Loin d’être désagréable mais plutôt oubliable, Every Rule répète l’aspect mélo que l’on retrouve dans Move Me sans la force vocale. Tandis que Yuck est une réitération du motif de la méchante fille contradictoire de Baby qui finit légèrement par lasser. Mais Charli se laisse enfin aller sur Used to Know Me, morceau à l’esthétique euro pop à l’aspect émancipateur que l’on aime tant dans sa musique.
Ici, Charli se libère de ses démons émotionnels pour enfin leur faire face dans la conclusion de l’album, Twice. A double tranchant, cette fin semble être un credo de vie – arrêter de penser et agir dans une attitude positive – qui, compte tenu du titre de l’album, est tout autant le signe d’un « crash » à venir.

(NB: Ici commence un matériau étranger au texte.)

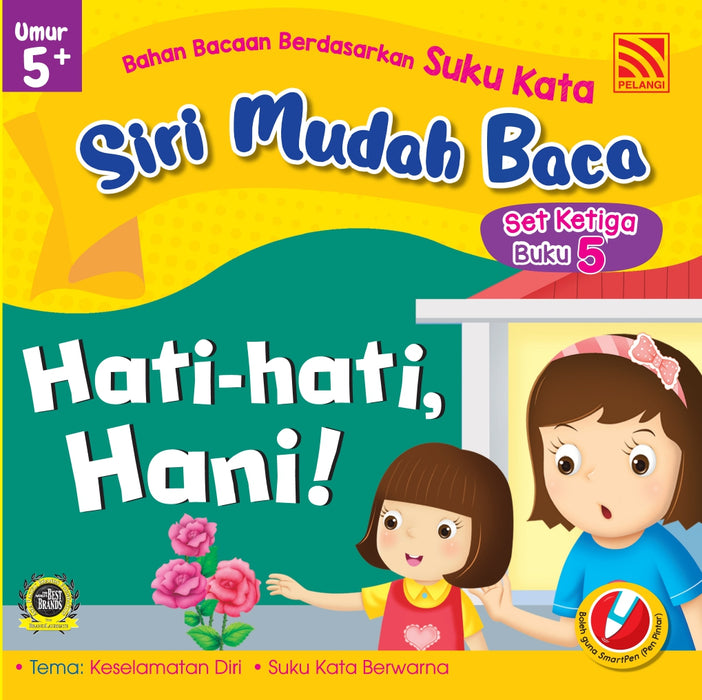 Siri Mudah Baca Set Ketiga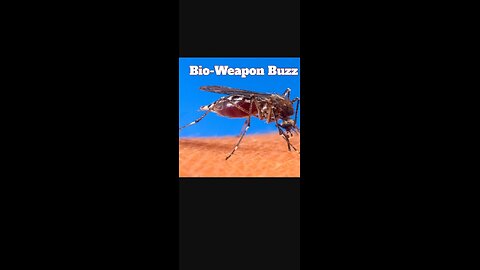 Biochemically Engineered Mosquitoes coming to a home near you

Certes, Crash n’est pas l’album définitif de la diva pop mais n’est surement pas à oublier dans son catalogue. En prenant un chemin emprunté par d’autres artistes contemporains (celui de la pop 80’s), Charli s’amuse davantage à mélanger les styles et époques en passant de sonorité à la Madonna ou Britney Spears jusqu’à l’euro pop ou l’avant-pop.
Magicienne des émotions, ses thématiques habituelles sont présentes dans un tourbillon d’influences davantage grand publics (les excès d’How i’m feeling now sont rares) justifiés par un projet bien plus centré sur un plaisir évanescent qu’une expérience cathartique radicale.
Les fans de Charli ne seront donc pas déçus malgré quelques moments creux, l’album tenant par sa consistance thématique et musicale. Sans réinventer la formule, la passion musicale et émotionnelle ressenti sur Crash en fait certainement un album dynamique et plaisant.